_Action item:_
Retype the data exactly, skipping any picture in it.

_Provided data:_
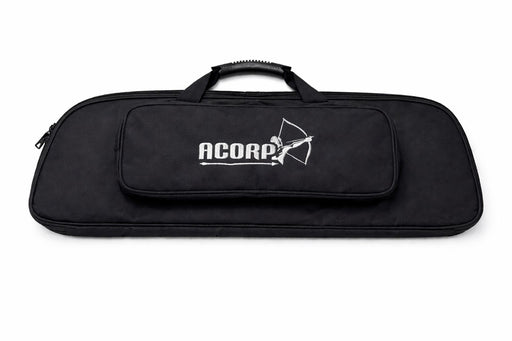 ABC-128 (BOW CASES)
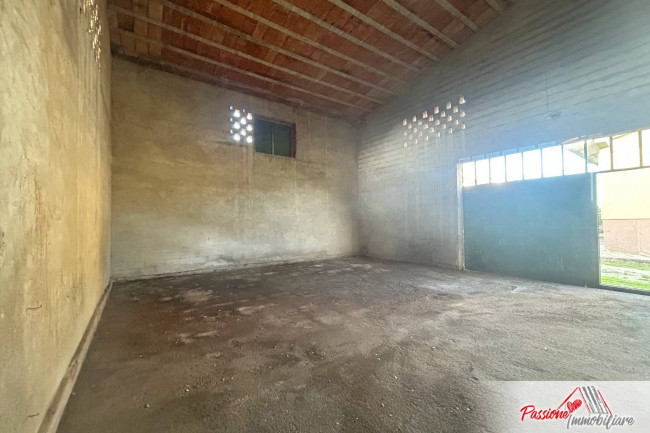 Casa singola in vendita a Verona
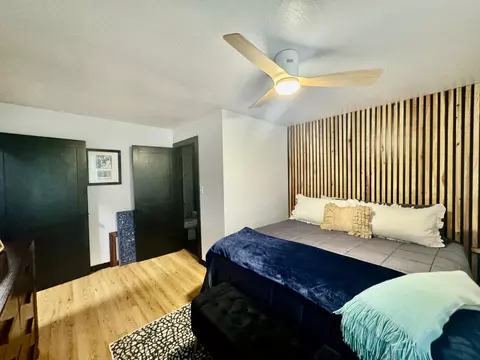 Bedroom - 75 Ms-42, Sumrall, MS 39482 photo 3 of 3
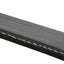 Gates K040517 Serpentine Belt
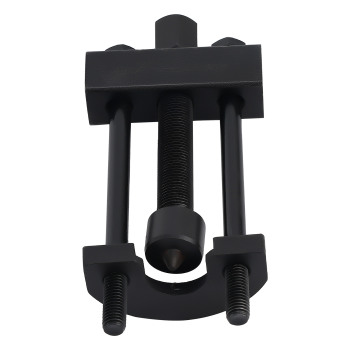 Piastra di ricambio per cuscinetto per kit di installazione e estrazione del cuscinetto dellalbero principale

_The answer:_
 ABC-128 (BOW CASES)
 Casa singola in vendita a Verona
 Bedroom - 75 Ms-42, Sumrall, MS 39482 photo 3 of 3
 Gates K040517 Serpentine Belt
 Piastra di ricambio per cuscinetto per kit di installazione e estrazione del cuscinetto dellalbero principale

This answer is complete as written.